══ Supplied information

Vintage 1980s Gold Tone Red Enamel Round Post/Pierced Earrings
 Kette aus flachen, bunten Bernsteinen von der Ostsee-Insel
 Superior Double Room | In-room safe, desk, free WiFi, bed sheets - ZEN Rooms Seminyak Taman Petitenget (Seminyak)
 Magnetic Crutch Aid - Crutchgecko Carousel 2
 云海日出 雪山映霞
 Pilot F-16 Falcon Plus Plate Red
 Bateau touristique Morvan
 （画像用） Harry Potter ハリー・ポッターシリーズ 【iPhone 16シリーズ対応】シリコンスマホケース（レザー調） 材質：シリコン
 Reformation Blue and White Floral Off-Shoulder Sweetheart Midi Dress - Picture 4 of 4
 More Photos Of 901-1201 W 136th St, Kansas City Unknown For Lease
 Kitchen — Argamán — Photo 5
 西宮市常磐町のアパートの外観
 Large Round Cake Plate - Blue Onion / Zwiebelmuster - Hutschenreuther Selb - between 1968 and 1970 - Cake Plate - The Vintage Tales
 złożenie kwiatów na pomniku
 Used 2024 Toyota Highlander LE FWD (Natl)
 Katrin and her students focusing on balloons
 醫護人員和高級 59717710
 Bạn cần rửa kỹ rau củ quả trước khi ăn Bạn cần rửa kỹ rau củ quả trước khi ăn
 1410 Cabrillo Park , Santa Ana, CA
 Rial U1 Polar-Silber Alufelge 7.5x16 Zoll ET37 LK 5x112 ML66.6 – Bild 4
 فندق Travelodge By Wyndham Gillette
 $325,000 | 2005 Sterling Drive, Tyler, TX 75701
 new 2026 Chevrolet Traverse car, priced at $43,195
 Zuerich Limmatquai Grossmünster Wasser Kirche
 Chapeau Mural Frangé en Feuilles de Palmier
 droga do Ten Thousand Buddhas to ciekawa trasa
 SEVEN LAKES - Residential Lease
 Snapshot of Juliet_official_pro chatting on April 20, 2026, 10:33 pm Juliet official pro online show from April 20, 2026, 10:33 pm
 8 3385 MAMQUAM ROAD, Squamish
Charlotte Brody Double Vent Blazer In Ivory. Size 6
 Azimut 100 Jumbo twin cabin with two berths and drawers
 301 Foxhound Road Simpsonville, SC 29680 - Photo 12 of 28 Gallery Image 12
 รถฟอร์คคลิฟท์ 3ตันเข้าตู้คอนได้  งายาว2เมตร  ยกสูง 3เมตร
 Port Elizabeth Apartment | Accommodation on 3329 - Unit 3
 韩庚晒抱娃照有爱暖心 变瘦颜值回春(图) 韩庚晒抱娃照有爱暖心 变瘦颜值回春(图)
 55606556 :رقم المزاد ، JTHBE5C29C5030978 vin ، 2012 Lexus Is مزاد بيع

════

## [Required work]
Return nothing but the lines from the start of the listing above through the line containing "ハリー・ポッターシリーズ 【iPhone 16シリーズ対応】シリコンスマホケース（レザー調） 材質：シリコン", exactly as given.

## [Solution]
Vintage 1980s Gold Tone Red Enamel Round Post/Pierced Earrings
 Kette aus flachen, bunten Bernsteinen von der Ostsee-Insel
 Superior Double Room | In-room safe, desk, free WiFi, bed sheets - ZEN Rooms Seminyak Taman Petitenget (Seminyak)
 Magnetic Crutch Aid - Crutchgecko Carousel 2
 云海日出 雪山映霞
 Pilot F-16 Falcon Plus Plate Red
 Bateau touristique Morvan
 （画像用） Harry Potter ハリー・ポッターシリーズ 【iPhone 16シリーズ対応】シリコンスマホケース（レザー調） 材質：シリコン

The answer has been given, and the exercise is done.